View Full Version : Login from differnt site

02-17-2005, 12:32 PM
I was just wondering can you log onto a site from somewhere else.
So for exmple I want to login at something like www.controlpanel.com/login.php but I wanted to be able to log in via my site at www.mysite.com so could I put something like this at mysite.com and expect it to work

at www.mysite.com I have

<form name="form1" method="POST" action="http://www.controlpanel.com/login.php">
<input type="hidden" name="username" >
<input type="hidden" name="password">
<input type="submit" name="sbutton" value="Submit" />

since the action is going to www.controlpanel.com would I be able to login from www.mysite.com


02-17-2005, 01:01 PM
I must strongly discourage such attempts; leaving the user name and password wide open and clearly visible in a web page is practically inviting in evil-doers. You would create a security leak the size of the Panama canal -with all the gates wide open.

02-17-2005, 01:16 PM
Yeah but the world is full of good peole that love each other very much. :P
But seriously I dont understand how that causes a security problem, at which point are the username and password being shown. *Stops, Thinks and looks at the code*
Oh wait I think I pasted the wrong code

<form name="form1" method="POST" action="http://www.controlpanel.com/login.php">
<input type="text" name="username" >
<input type="password" name="password">
<input type="submit" name="sbutton" value="Submit" />

There, sorry does that still cause a security issue?

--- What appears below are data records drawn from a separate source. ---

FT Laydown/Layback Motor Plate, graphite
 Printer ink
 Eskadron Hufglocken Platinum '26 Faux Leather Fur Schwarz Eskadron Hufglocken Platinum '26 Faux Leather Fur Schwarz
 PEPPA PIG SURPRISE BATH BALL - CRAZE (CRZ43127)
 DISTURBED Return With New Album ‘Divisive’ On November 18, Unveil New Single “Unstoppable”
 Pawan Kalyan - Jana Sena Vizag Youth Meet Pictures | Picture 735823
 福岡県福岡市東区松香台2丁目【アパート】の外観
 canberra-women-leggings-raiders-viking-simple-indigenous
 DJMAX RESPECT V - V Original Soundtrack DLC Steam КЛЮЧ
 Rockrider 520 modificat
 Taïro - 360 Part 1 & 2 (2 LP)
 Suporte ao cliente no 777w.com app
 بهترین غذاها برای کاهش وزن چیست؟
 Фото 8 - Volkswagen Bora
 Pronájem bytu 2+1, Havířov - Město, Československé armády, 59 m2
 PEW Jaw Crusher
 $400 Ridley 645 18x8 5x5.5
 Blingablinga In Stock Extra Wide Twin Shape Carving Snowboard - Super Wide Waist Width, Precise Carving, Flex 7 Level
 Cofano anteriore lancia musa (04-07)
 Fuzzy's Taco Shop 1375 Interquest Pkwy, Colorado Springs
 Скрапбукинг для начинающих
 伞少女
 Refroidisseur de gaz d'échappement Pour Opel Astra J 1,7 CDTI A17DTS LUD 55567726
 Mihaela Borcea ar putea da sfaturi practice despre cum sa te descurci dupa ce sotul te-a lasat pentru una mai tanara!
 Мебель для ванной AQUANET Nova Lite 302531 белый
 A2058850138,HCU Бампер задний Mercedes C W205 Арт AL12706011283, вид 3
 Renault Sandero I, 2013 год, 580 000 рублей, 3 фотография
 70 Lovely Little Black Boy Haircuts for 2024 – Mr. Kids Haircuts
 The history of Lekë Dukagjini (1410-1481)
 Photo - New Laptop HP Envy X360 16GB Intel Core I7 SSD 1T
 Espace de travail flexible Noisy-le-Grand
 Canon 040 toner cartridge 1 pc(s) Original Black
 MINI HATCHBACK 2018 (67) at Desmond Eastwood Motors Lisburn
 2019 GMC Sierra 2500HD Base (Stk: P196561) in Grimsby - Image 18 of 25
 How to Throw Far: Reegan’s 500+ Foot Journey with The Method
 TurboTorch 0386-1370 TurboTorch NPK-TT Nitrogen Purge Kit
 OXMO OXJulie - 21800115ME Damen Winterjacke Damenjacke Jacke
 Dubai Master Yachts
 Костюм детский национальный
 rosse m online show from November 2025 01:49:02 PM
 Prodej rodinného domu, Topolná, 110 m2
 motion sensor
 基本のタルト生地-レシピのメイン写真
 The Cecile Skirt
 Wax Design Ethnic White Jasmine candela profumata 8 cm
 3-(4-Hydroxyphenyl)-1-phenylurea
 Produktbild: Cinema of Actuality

The user puts in his/hers login details and press submits.
Should the user be able to log in easily from www.mysite.com and be loged in when they get to www.mycontrolpanel.com
Assuming that the required fields names are called "username" and "password"

02-17-2005, 02:48 PM
Pffft... Okay, but I stil don't understand why. If a user does a request for the control Panel entry page, isn't a login dialog presented anyway? Or are you trying to offer a nicer form or page for the login process? I fear the last would require an alteration to said entry page, and I doubt if the owner of the page is waiting for that...

02-17-2005, 03:32 PM
It depends on the site, i know some people who used to do that. They had a page and you could log into your email account (yahoo, hotmail, etc) but they started having problems and shut it down. I don't know why...
I think yahoo uses lots of javascript to kind of encrypt the password before it's sent and that would be hard to replicate.

02-17-2005, 04:58 PM
Yeah what going to happen is that a user can select out of 5 control panels what they want to loginto. They just type in there username and password and select the panel they want to log into via a drop down list (PHP will be envolved at this point)
This is so they dont need to remeber any links to the control panels they can just login at one place.

I fear the last would require an alteration to said entry page
What kind of alterations will be needed?